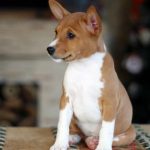 Lala-female-basenji-puppy-for-sale-1 (3)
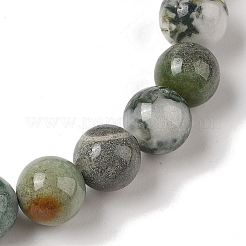 8mm Round Natural Tree Agate Braided Bead Bracelets&nbsp;BJEW-C067-01B-01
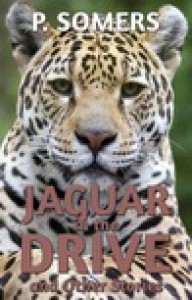  Jaguar in the Drive - P. Somers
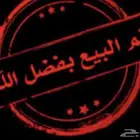 ببغاء الكويكر او الراهب تم البيع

What you are asked to do: What the answer needs is every line from the one containing "Jaguar in the Drive - P. Somers" through the final line of the data above, copied exactly, without pictures.

Written answer:
  Jaguar in the Drive - P. Somers
 ببغاء الكويكر او الراهب تم البيع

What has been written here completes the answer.